Taught
He tried
everything
first.
By most measures, Rich had figured it out early. A successful career, financial security, the kind of external markers that are supposed to mean something — achieved young. And yet the internal experience didn't match. The restlessness remained. The low hum of anxiety. A mind that wouldn't settle, regardless of what he did or achieved.
He went looking for answers the way most people do — thoroughly. Seminars. Self-help books. Audio programs. He walked on fire with the gurus. He explored psychedelics. He tried the things that had worked for other people, the things that were supposed to shift something fundamental. And some of them did shift things — temporarily. But he kept returning to the same baseline, the same set point. Insight without lasting change. Progress that didn't hold.

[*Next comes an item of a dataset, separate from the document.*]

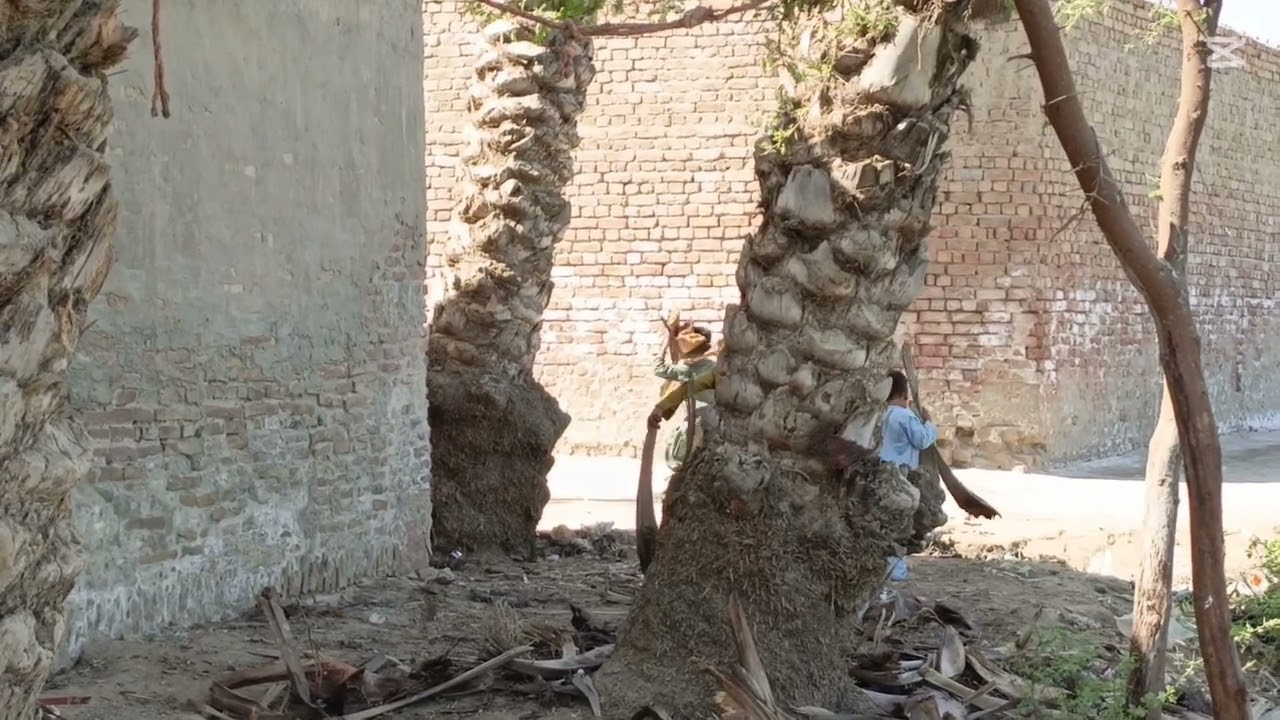 Cleaning the Dates trees 🌴🌴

That pattern — arriving back where you started despite genuine effort — is one Rich now recognises in almost every student who walks through his door. It's not a failure of commitment. It's a sign that the tool doesn't match the problem.
He started Vedic Meditation almost twenty years ago, and what happened surprised him: it worked. Not by forcing change — but by dissolving the accumulated stress that had been holding the set point in place.
Not in a vague, feel-good way. His sleep changed. His reactivity softened. The mental noise that had always been background radiation became something he could simply set down. He wanted to understand why — and that curiosity led him to an Honours degree, focused specifically on breathing, the nervous system, and the physiological mechanisms underlying meditative states.
Today Rich teaches from both ends of that spectrum — the ancient lineage of Vedic practice passed down through generations, and the growing body of peer-reviewed research that explains precisely why it works. His students aren't asked to believe. They're given a technique, a framework, and a result.
He teaches from his home in the Currumbin Valley on the Gold Coast, and online to students across the country.